É desanimador que peças de propaganda contra a maconha iguais às do começo do século passado continuem a ser produzidas e exibidas em pleno século XXI. Só faltou o adolescente matar os pais e ir ao cinema, ou dizer que maconha desenvolve peitos em homens, como faziam as peças publicitárias antimaconha daquela época. O vídeo é mal feito, a continuidade é desastrosa. O garoto de repente compra uma moto trabalhando como jardineiro. Se ele vivia “chapado” e não fazia nada, como conseguiu comprar uma moto? Ele não gastava todo seu dinheiro em maconha, como afirma o vídeo?
Qualquer pessoa que conheça um pouco os efeitos das drogas sabe que para ficar descontrolado daquele jeito só tendo algum problema mental ou usando outras drogas mais fortes, como o álcool. A mãe do menino diz para ele numa cena que ele sempre volta pra casa bêbado e sob efeito de maconha. Mas se ele bebia, não importa, o que interessa é demonizar a “droga”.
E seu comportamento agressivo, desenvolvido em apenas seis meses, pois antes era um atleta e estudante exemplar? “A maconha me relaxa”, relata o menino ao psicólogo que os pais chamaram para intervir. É uma mentira deslavada dizer que a maconha é responsável por comportamentos agressivos e por uma transformação dessa.
E as cenas de consumo explícito de maconha? Os closes do garoto fumando? Que pais exporiam seus filhos assim, e que adolescente se sujeitaria a ser gravado daquele jeito? Com pais como esses, não é à toa que o adolescente estivesse descompensado.

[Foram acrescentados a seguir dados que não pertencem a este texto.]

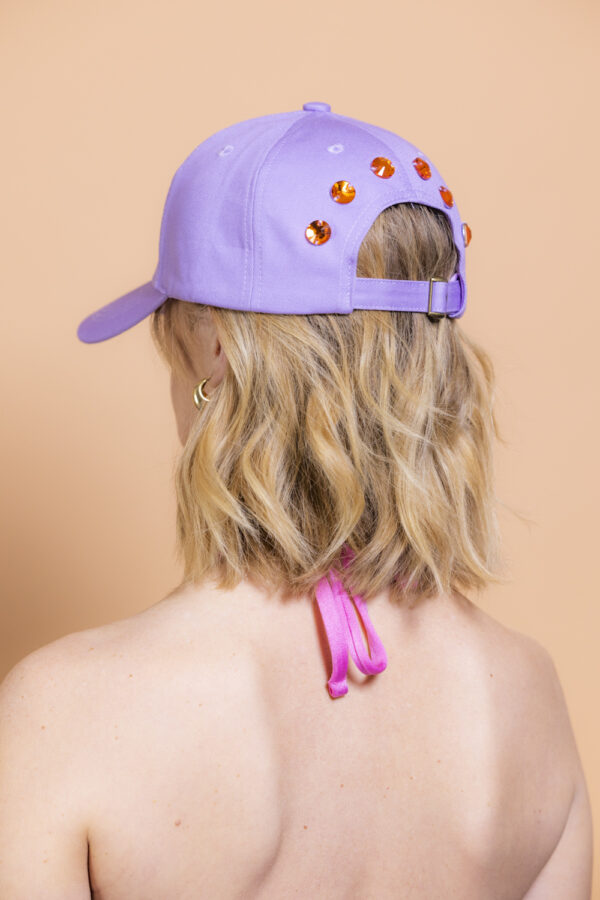 CASQUETTE VIOLETTE BIJOUX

A votação em que os telespectadores escolheram “internação” foi surreal. O debate que se seguiu ao vídeo também. Será que os profissionais que opinaram não perceberam o engodo? A coisa toda seria um grave acinte à inteligência do telespectador, se este tivesse informação honesta sobre as drogas. E com certeza a grande maioria das pessoas bem informadas não percebeu a calculada propaganda antimaconha do vídeo exibido. O folclore da “erva diabólica” já está bem arraigado em suas cabeças.
Produtores do Fantástico, por favor, não exibam a continuação dessa porcaria prevista para o próximo programa.